» **Data for the task**
^^^^

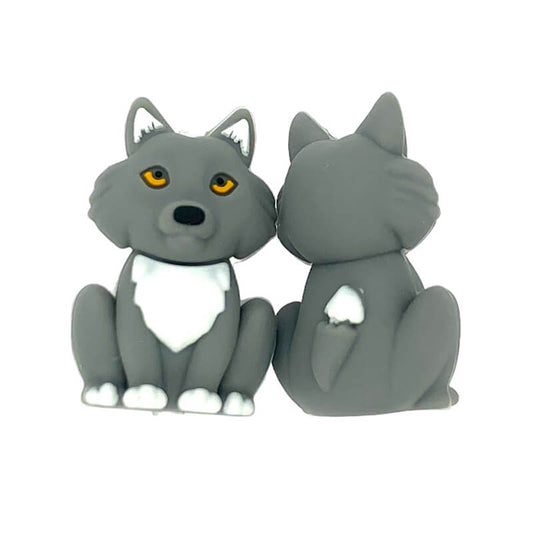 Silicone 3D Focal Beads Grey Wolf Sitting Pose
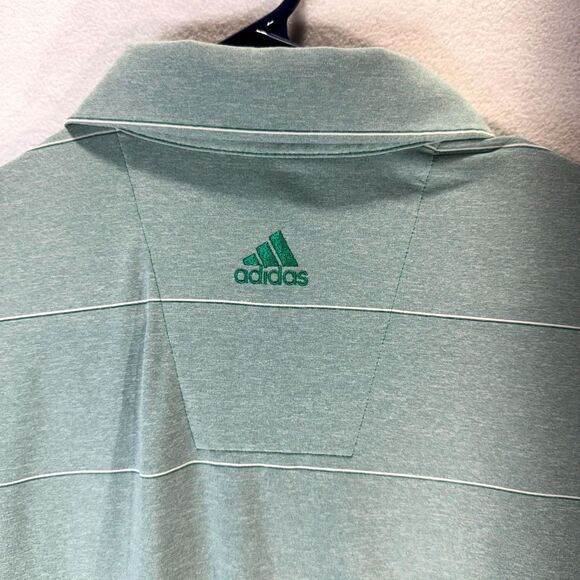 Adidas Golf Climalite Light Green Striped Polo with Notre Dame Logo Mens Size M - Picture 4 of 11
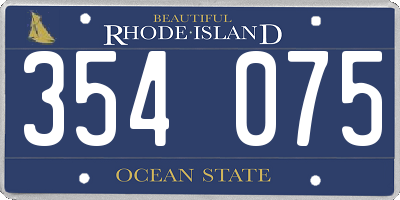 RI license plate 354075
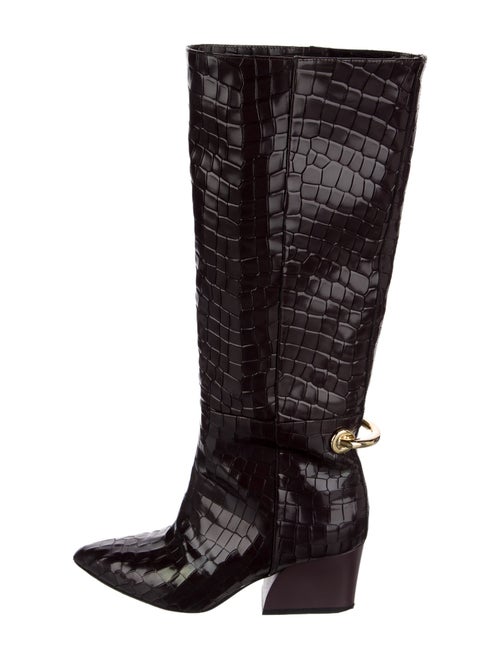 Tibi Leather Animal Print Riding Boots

^^^^

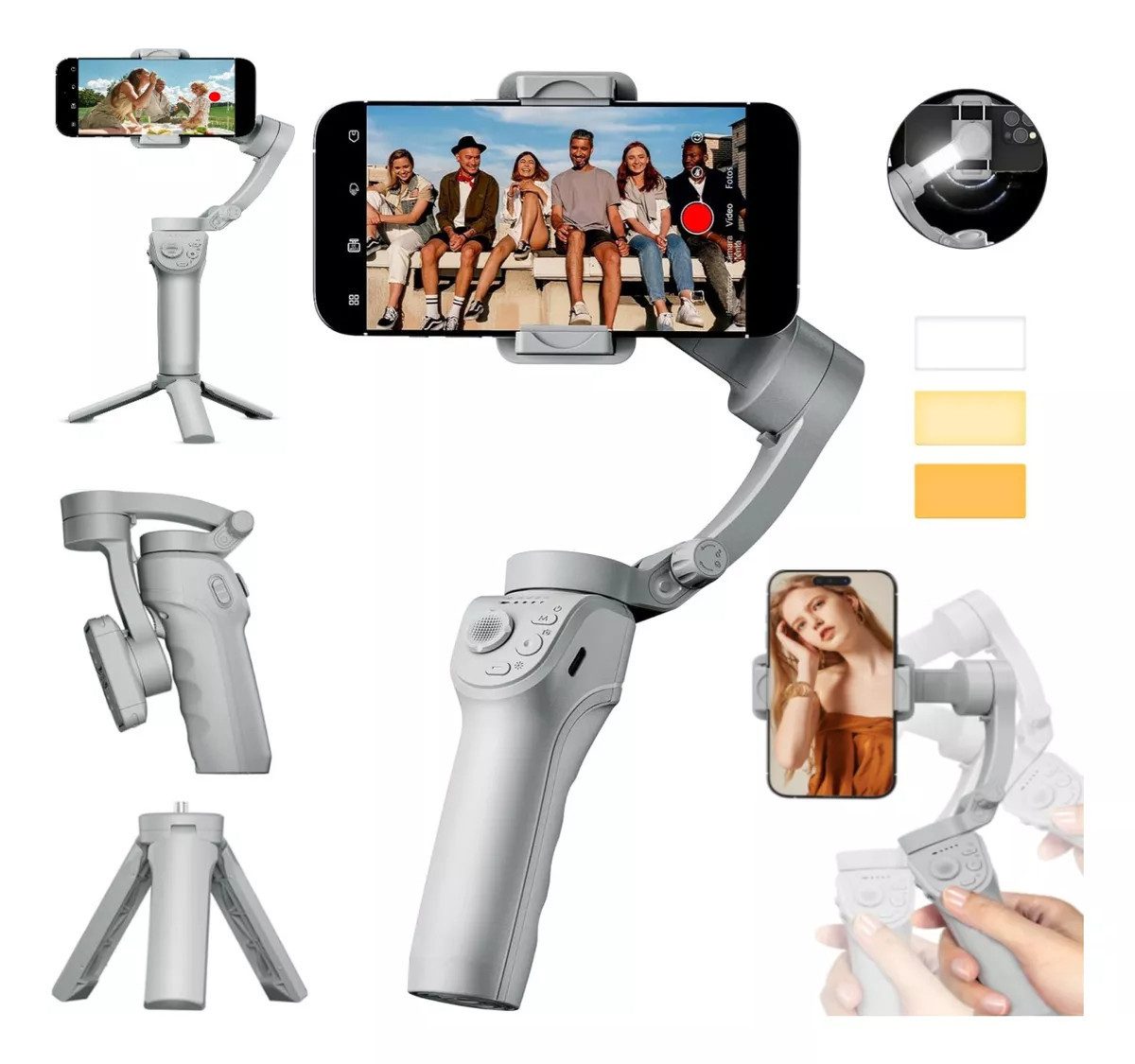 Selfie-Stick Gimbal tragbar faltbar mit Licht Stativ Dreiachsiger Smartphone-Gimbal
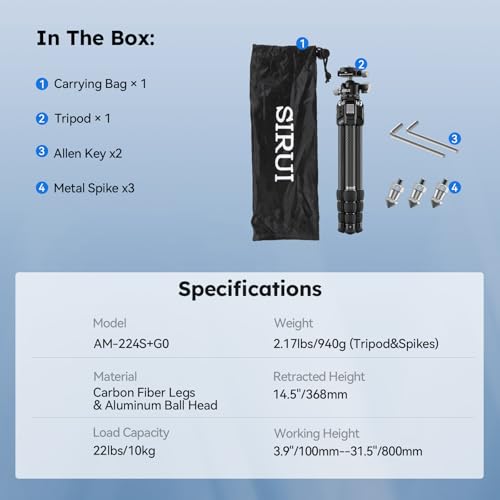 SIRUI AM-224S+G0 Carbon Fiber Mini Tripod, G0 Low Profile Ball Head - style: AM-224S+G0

^^^^

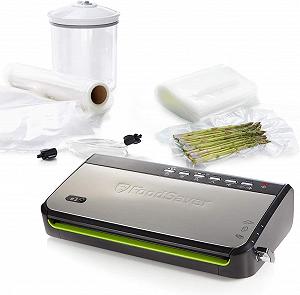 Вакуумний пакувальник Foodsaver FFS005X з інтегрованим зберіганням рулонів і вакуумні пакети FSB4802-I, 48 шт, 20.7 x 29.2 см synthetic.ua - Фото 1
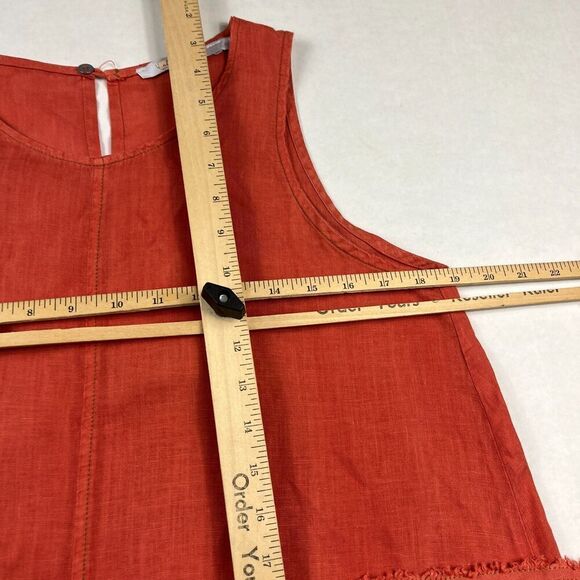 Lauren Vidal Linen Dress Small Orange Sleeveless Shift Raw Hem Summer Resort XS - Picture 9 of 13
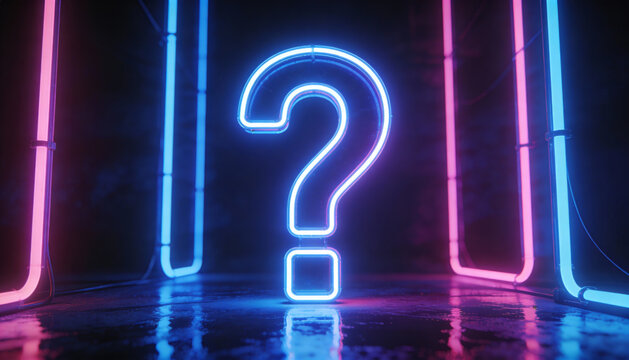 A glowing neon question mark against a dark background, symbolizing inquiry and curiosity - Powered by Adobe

^^^^

» **Requirement**
Leave out every picture, and copy exactly the lines above starting at the one holding "Silicone 3D Focal" and ending at the one holding "Tibi Leather Animal Print Riding Boots", no more and no less.

» **Answer area**
 Silicone 3D Focal Beads Grey Wolf Sitting Pose
 Adidas Golf Climalite Light Green Striped Polo with Notre Dame Logo Mens Size M - Picture 4 of 11
 RI license plate 354075
 Tibi Leather Animal Print Riding Boots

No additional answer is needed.